AI Media & Online Authenticity 2025 (Dataset)

A de-identified open dataset of 505 adults, capturing how people perceive authenticity, manipulation risk, and trustworthiness in AI-generated media — including uncertainty about what is real, concerns about synthetic content, confidence in detection skills, perceived difficulty in identifying AI-altered media, and behavioural responses to online uncertainty.

Measures include AI-media exposure, perceived realism of AI-generated images and text, trust-cue evaluation, confidence in detecting manipulated or AI-generated content, authenticity concern, avoidance and verification behaviours, emotional responses to uncertainty, and demographic variables across six English-speaking countries.

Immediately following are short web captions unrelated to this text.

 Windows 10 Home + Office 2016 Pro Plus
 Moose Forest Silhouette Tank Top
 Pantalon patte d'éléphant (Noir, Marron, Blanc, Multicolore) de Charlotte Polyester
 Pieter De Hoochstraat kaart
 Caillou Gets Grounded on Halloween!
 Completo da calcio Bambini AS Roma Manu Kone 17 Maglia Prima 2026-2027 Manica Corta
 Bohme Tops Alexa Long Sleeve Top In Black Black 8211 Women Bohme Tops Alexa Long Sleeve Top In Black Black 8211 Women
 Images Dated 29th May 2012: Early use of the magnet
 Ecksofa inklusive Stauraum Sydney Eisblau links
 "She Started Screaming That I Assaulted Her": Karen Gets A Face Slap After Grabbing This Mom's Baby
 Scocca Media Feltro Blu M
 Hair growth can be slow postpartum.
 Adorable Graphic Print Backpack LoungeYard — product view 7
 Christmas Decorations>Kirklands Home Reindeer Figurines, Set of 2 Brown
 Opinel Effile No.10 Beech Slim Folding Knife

Part of the Human Clarity Institute’s AI–Human Experience Data Series.

Framework

HRL domain(s): Trust & Epistemic Stability

Registry Construct Alignment: Meaning Coherence · Epistemic Confidence · Trust Calibration

Listed constructs reflect longitudinal, registry-mapped item alignment and do not represent the full thematic scope of this dataset.

DOI and Repository Links

Zenodo: Zenodo DOI: 10.5281/zenodo.17744452
Figshare: Figshare DOI: 10.6084/m9.figshare.30736247
GitHub: GitHub repository: HCI AI Media & Online Authenticity 2025

This dataset is archived in GitHub, Zenodo, and Figshare for long-term preservation.

APA

Citation

Human Clarity Institute. (2025). AI Media & Online Authenticity 2025 (Dataset). Human Clarity Institute. https://doi.org/10.5281/zenodo.17744452

BibTeX

@dataset{hci_ai_media_online_authenticity_2025,
  author    = {Human Clarity Institute},
  title     = {AI Media \& Online Authenticity 2025 (Dataset)},
  year      = {2025},
  doi       = {10.5281/zenodo.17744452},
  url       = {https://humanclarityinstitute.com/datasets/ai-media-online-authenticity-2025/},
  license   = {CC-BY-4.0}
}

Licence

Creative Commons Attribution 4.0 International (CC BY 4.0)
You are free to share, adapt, and build upon this dataset for any purpose, including commercial use, provided appropriate credit is given to the Human Clarity Institute.

Full licence text: https://creativecommons.org/licenses/by/4.0/

Study Methodology

This dataset forms part of the Human Clarity Institute’s Human–AI Experience research programme, examining how people judge trust, authenticity, and reality uncertainty in digital environments increasingly shaped by AI-generated media. The study uses a cross-sectional online survey design and focuses on descriptive patterns in deception concern, detection confidence, verification behaviour, emotional response, and trust in AI-mediated information.

Data were collected in November 2025 via the Prolific research platform from adults across six English-speaking countries. Participants provided explicit informed consent for anonymised data publication as part of HCI’s open research programme.

Sampling & participants

  • Clean dataset: 202 valid responses
  • Countries: United Kingdom, United States, Canada, Australia, New Zealand, Ireland
  • Eligibility: English-speaking adults (18+) across six English-speaking countries
  • Recruitment platform: Prolific
  • Anonymisation: Prolific IDs and timestamps removed before publication

Study limitations

  • The survey uses a non-probability convenience sample and is not nationally representative.
  • Results are based on self-reported responses and reflect perceived experiences.
  • The study uses a cross-sectional design, capturing responses at a single point in time.
  • The dataset is descriptive and exploratory and does not support causal inference.